**Activity**:
Each line from the material with the word "Load" in it must be copied.

======

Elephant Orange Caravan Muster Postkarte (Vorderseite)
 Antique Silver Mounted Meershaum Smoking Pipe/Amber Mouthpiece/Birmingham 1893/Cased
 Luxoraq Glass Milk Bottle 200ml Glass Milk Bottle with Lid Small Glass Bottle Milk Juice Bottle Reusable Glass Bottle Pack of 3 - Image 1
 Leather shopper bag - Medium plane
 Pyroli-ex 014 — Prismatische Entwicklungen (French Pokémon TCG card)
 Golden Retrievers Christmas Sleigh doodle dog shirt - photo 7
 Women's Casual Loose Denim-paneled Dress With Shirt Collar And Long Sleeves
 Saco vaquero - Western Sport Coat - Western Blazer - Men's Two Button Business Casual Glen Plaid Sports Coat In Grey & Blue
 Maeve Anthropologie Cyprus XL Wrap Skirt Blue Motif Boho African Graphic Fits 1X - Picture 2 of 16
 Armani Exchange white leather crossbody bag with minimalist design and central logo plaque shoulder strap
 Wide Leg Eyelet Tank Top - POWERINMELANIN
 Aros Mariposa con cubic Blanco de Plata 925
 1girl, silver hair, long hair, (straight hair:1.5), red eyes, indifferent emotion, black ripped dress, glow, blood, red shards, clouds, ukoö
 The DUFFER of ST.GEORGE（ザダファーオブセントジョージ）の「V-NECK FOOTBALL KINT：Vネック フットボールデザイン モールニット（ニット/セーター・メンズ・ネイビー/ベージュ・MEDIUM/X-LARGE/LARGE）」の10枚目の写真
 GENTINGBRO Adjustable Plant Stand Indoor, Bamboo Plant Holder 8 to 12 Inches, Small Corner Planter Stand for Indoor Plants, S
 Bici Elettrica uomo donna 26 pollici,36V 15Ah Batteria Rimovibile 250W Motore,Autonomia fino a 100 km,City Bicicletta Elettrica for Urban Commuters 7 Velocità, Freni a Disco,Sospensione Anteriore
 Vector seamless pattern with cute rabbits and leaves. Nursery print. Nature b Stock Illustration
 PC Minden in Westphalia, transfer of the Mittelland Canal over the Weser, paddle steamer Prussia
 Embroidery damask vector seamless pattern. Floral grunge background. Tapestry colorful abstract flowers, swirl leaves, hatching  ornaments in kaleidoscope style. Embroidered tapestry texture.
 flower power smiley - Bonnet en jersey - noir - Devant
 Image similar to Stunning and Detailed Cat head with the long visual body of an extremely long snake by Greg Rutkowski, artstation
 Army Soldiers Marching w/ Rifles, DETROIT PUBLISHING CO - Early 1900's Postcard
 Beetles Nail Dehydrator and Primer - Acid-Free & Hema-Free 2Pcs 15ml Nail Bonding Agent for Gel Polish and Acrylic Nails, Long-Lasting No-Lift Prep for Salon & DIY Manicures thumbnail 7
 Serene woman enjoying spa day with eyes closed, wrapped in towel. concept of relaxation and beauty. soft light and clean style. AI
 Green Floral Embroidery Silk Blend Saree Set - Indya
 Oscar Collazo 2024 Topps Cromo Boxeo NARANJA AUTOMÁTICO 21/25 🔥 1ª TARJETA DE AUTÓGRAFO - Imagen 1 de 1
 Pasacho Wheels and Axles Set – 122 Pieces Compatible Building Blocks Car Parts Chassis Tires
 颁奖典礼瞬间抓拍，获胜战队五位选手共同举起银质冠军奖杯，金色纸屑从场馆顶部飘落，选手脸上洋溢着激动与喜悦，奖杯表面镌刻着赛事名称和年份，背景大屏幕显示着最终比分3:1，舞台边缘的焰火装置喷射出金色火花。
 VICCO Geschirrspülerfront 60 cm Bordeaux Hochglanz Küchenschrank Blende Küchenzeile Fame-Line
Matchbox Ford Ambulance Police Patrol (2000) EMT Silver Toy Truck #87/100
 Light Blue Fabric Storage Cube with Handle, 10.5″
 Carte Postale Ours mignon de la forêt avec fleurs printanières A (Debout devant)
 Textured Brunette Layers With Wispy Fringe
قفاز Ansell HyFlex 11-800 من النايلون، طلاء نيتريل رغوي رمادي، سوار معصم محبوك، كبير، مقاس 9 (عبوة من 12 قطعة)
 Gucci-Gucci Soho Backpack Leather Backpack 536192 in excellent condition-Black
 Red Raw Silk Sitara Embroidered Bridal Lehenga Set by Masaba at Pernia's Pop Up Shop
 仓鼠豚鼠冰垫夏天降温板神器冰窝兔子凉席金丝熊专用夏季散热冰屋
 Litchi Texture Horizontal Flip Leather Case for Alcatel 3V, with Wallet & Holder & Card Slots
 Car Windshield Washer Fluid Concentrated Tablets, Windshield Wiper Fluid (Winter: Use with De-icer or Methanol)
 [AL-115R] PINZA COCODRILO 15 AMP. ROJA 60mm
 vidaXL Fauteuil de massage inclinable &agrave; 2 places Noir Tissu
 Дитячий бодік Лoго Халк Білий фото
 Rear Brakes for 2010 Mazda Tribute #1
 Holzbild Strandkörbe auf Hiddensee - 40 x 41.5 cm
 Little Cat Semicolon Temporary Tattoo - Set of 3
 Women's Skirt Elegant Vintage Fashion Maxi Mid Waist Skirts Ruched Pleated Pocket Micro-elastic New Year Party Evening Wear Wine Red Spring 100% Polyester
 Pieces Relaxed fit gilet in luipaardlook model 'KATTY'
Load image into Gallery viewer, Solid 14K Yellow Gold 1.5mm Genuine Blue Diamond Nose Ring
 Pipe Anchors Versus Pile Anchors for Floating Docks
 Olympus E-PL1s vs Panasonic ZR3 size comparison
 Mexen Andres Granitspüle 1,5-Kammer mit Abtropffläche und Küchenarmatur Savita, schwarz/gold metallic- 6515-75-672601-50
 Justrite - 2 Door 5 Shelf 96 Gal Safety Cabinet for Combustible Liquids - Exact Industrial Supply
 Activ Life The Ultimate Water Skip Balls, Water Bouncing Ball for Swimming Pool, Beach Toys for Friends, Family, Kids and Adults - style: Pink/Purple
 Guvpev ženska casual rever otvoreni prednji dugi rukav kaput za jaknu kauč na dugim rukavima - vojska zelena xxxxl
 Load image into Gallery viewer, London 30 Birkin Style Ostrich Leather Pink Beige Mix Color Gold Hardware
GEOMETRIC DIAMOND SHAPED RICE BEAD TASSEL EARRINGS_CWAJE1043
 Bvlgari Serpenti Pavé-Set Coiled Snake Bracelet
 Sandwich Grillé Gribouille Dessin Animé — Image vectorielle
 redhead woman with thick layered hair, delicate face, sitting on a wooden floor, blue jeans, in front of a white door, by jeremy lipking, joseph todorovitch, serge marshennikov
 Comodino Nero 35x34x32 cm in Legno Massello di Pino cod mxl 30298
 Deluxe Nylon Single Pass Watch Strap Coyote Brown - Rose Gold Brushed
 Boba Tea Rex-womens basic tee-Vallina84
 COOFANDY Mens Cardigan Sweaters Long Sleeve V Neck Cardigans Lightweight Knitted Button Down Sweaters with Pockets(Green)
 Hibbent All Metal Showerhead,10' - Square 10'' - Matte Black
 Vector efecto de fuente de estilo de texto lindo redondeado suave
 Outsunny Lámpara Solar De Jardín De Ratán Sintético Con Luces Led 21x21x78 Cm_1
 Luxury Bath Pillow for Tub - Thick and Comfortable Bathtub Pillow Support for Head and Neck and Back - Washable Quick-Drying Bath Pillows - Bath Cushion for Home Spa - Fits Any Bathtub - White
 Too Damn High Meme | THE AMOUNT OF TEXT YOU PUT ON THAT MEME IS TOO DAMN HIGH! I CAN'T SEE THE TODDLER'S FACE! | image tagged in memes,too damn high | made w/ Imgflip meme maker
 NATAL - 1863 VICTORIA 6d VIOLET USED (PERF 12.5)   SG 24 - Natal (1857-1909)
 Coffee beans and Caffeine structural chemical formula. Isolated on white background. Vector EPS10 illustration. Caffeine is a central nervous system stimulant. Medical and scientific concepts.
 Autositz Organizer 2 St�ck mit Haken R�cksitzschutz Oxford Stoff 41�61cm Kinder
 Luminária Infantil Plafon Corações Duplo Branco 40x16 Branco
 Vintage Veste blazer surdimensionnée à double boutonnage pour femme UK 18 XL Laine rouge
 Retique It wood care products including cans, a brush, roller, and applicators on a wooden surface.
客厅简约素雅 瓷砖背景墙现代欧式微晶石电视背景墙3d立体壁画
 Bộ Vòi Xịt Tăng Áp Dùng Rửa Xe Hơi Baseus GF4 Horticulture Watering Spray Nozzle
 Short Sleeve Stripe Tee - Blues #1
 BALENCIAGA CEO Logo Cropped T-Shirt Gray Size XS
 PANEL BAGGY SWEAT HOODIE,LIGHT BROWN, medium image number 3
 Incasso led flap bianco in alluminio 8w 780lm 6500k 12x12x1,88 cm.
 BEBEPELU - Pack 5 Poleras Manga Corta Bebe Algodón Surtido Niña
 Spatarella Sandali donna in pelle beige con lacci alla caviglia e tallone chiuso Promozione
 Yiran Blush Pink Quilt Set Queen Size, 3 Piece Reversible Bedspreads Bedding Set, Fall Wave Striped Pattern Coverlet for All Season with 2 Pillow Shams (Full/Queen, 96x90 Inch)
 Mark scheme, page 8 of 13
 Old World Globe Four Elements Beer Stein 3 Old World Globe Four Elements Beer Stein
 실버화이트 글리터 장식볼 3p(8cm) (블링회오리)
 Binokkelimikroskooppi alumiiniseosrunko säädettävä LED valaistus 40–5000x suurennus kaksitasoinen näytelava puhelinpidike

======

**Written response**:
Load image into Gallery viewer, Solid 14K Yellow Gold 1.5mm Genuine Blue Diamond Nose Ring
 Load image into Gallery viewer, London 30 Birkin Style Ostrich Leather Pink Beige Mix Color Gold Hardware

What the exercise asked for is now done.